§ Records for the exercise:

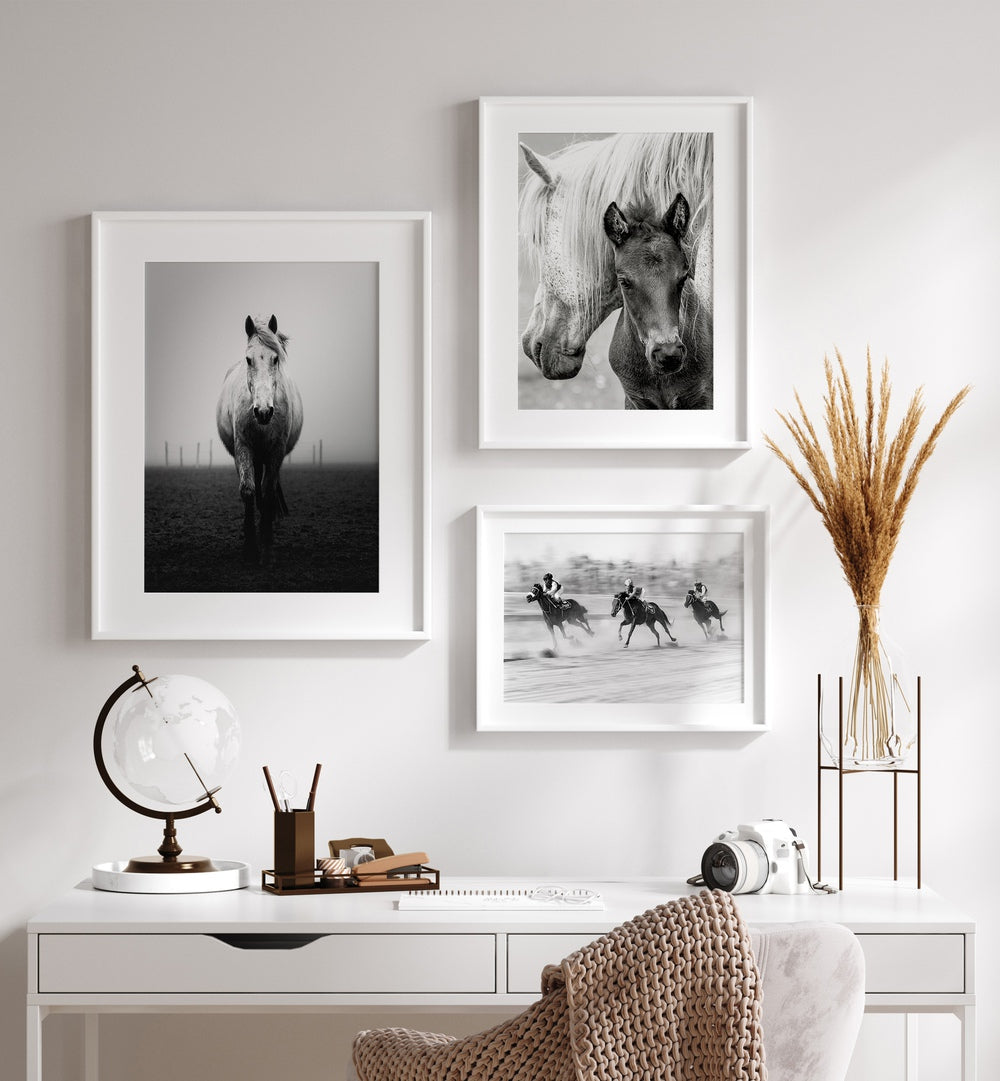 Stunning BLACK & WHITE HORSES GALLERY WALL art, perfect for horse lovers’ decor, showcasing majestic black and white prints.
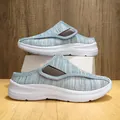 Scarpe da camminata blu traspiranti con cinturino in velcro e suola spessa - Blu Luna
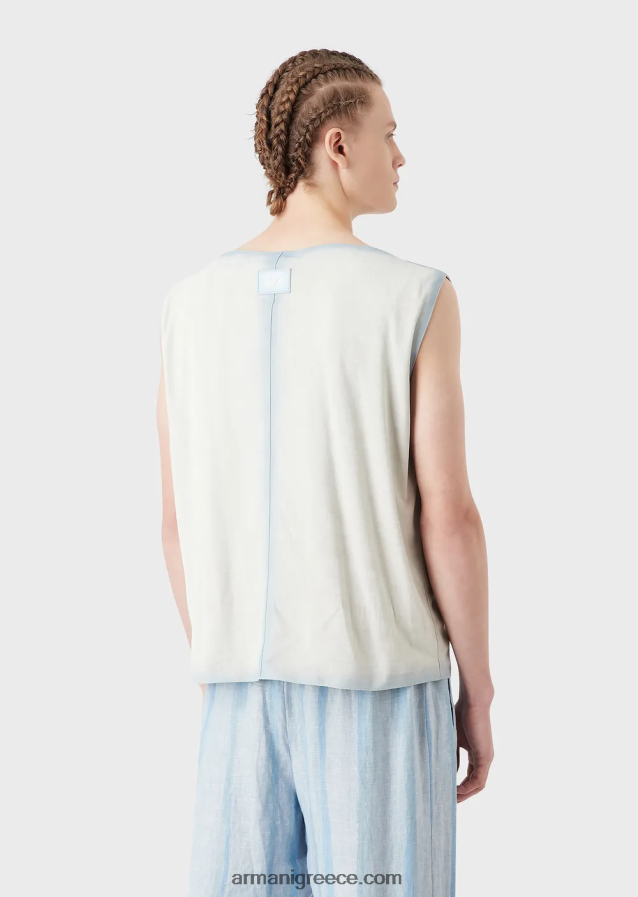 άνδρες Armani ελαφρύ σουέτ τοπ από δέρμα κατσίκας με χειροποίητο εφέ ντεγκραντέ 4046R61294 πάγος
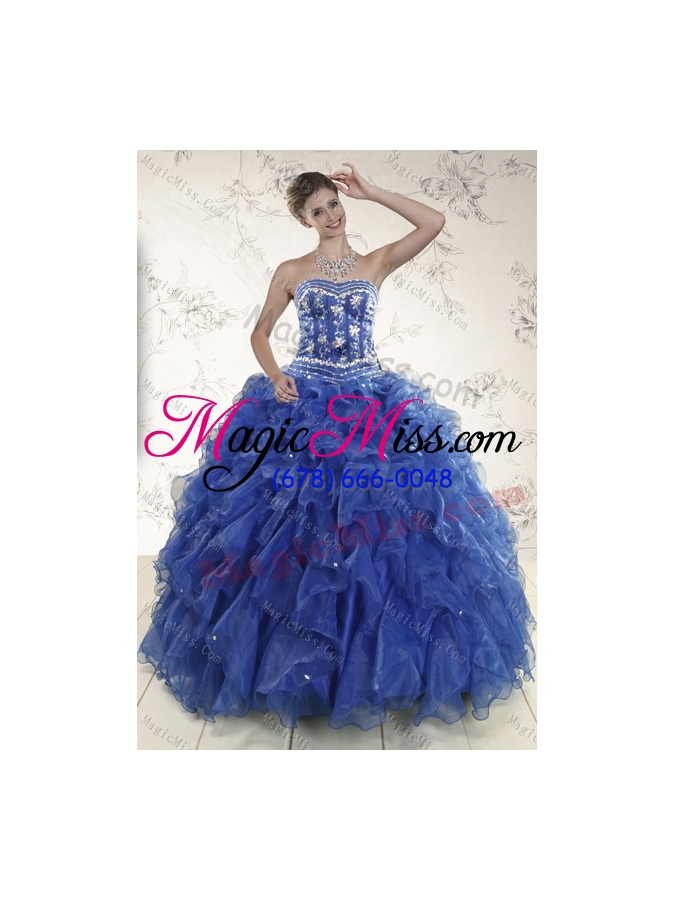 wholesale 2015 fashionable strapless quinceanera dresses in royal blue
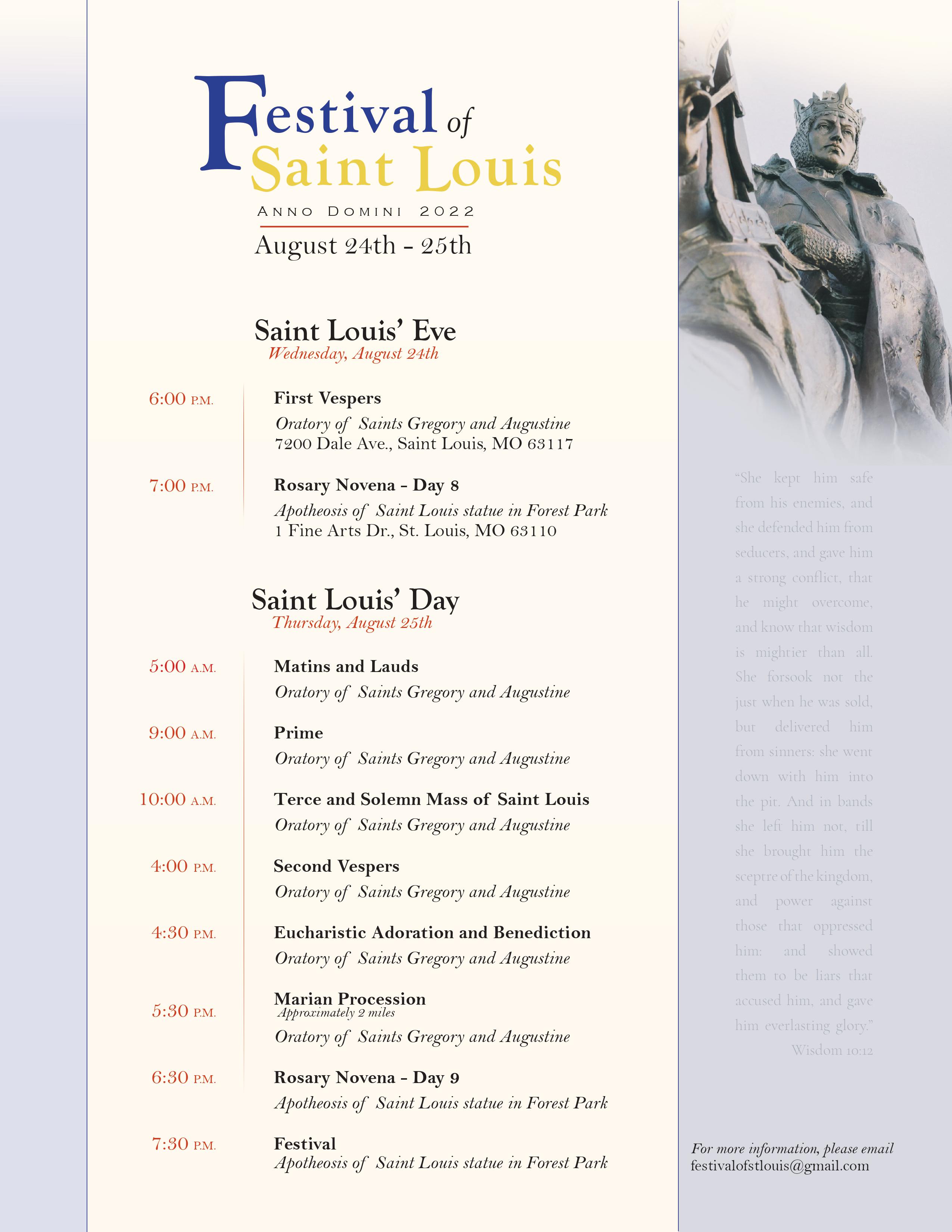 Novena to St. Louis King of France - Saint Louis Catholic Parish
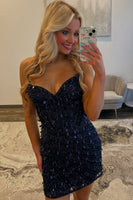 Load image into Gallery viewer, Sparkly Red Sequins Tight Strapless Short Corset Homecoming Dress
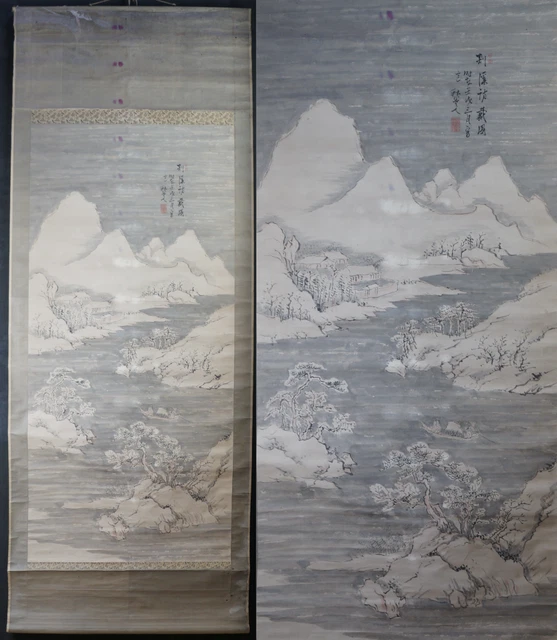 Antique Japan ink winter panting scroll 1850 Sansui Sumi-e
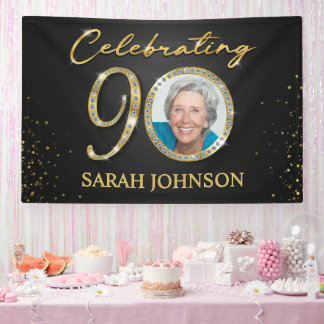 Banderoles 90th Birthday Banner, Black Gold Custom Photo 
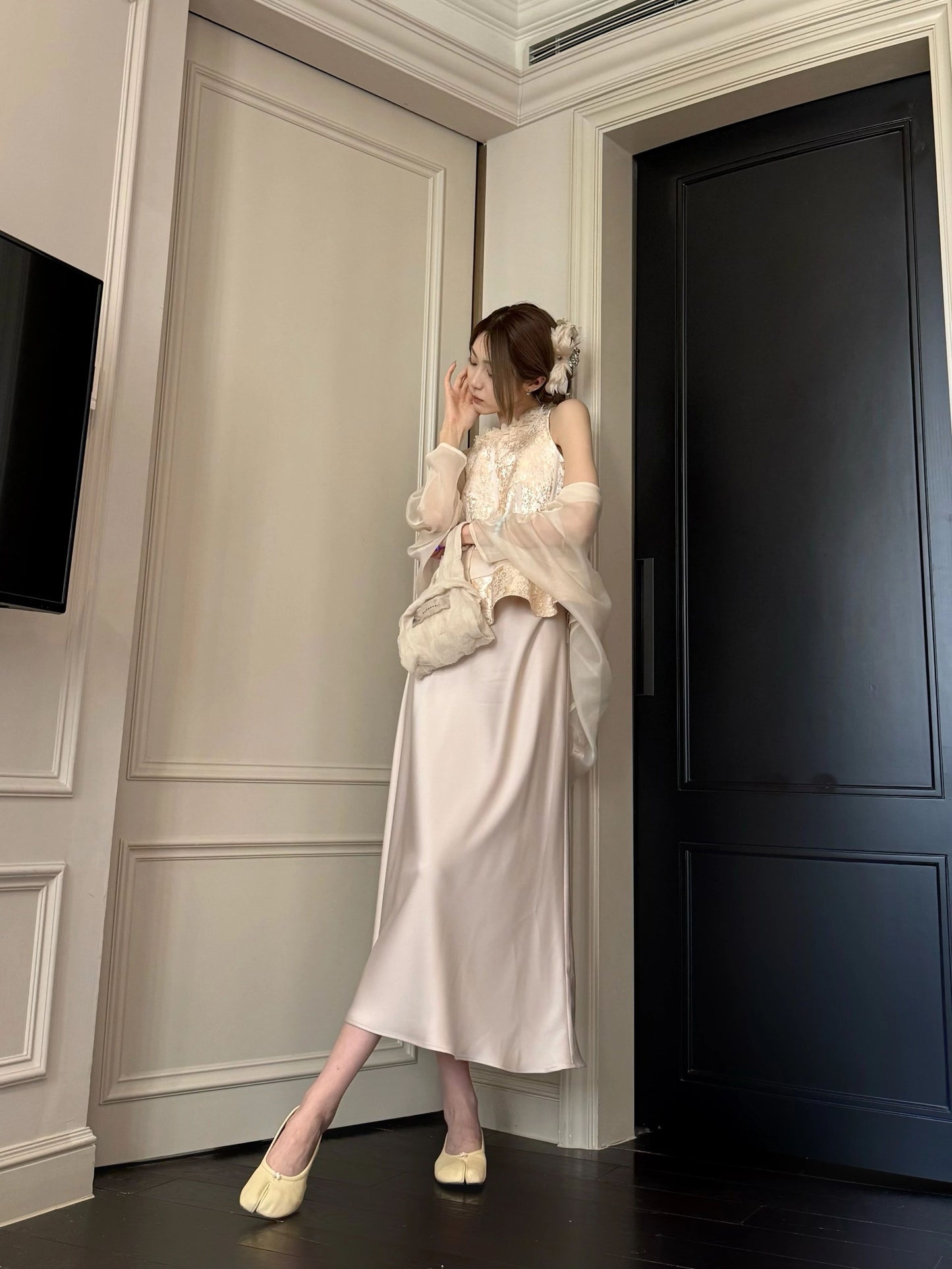 Gentle temperament super beautiful jacquard vest shawl skirt three-piece suit 2025 R0848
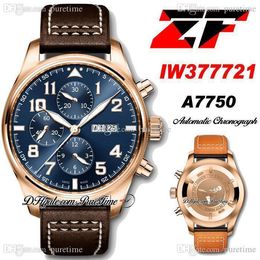 ZF V2 Chronograph Edition Eta A7750 Automatische Mens Horloge 377721 Le Petit Prince 18K Rose Gold Blue Dial Day Datum Brown Lederen Horloges Super Version Puretime N100F6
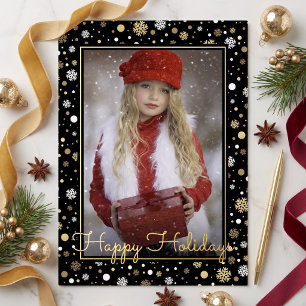 Custom White Gold Snowflakes On Black Holiday Card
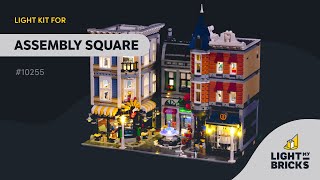 LIGHT MY BRICKS  Assembly Square 10255 Light Kit Video Demonstration [upl. by Tedie]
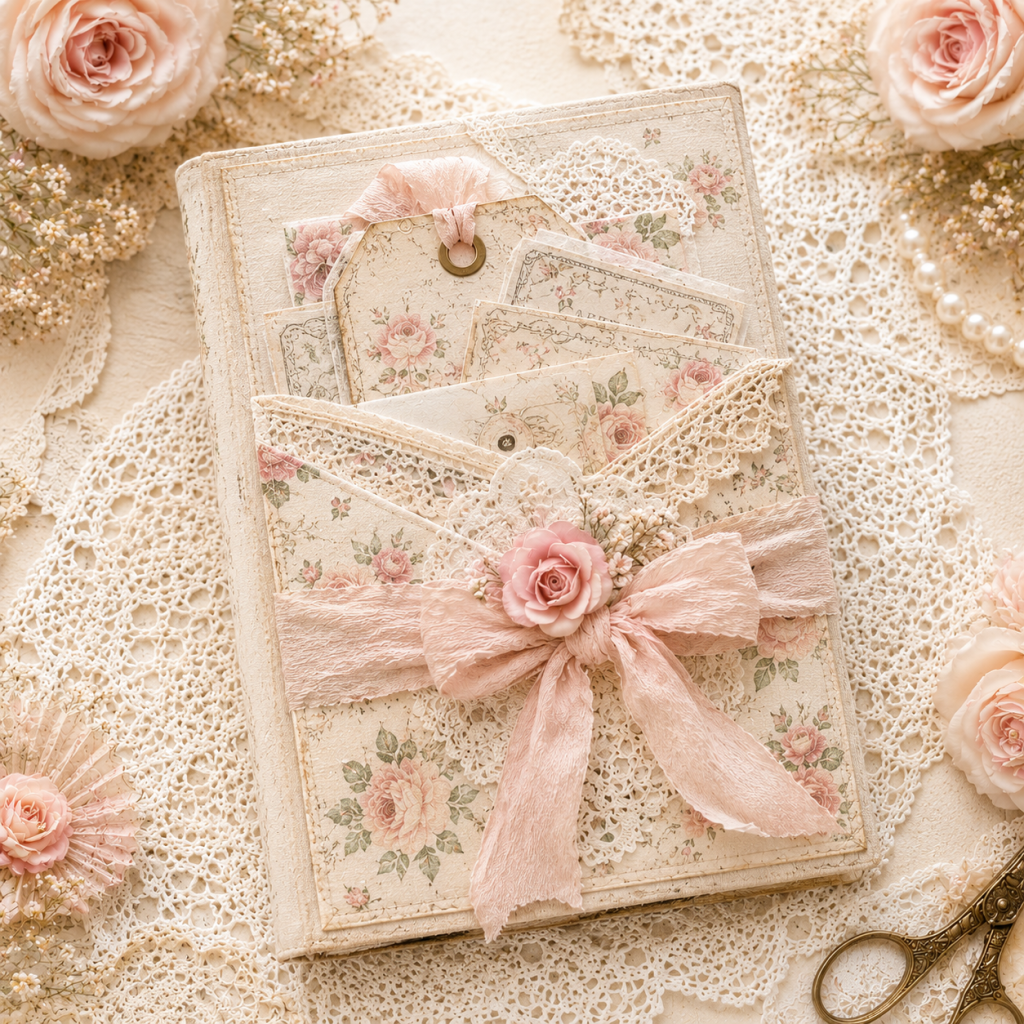 Shabby Chic Notebook Pocket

§ What is needed:
Reproduce exactly the lines from the one with "Novena to St." to the bottom of the listing, both ends included, and nothing else. Skip the pictures.

§ Written response:
 Novena to St. Louis King of France - Saint Louis Catholic Parish
 Load image into Gallery viewer, Sparkly Red Sequins Tight Strapless Short Corset Homecoming Dress
 Antique Japan ink winter panting scroll 1850 Sansui Sumi-e
 Banderoles 90th Birthday Banner, Black Gold Custom Photo 
 Gentle temperament super beautiful jacquard vest shawl skirt three-piece suit 2025 R0848
 ZF V2 Chronograph Edition Eta A7750 Automatische Mens Horloge 377721 Le Petit Prince 18K Rose Gold Blue Dial Day Datum Brown Lederen Horloges Super Version Puretime N100F6
 Custom White Gold Snowflakes On Black Holiday Card
 LIGHT MY BRICKS  Assembly Square 10255 Light Kit Video Demonstration [upl. by Tedie]
 Shabby Chic Notebook Pocket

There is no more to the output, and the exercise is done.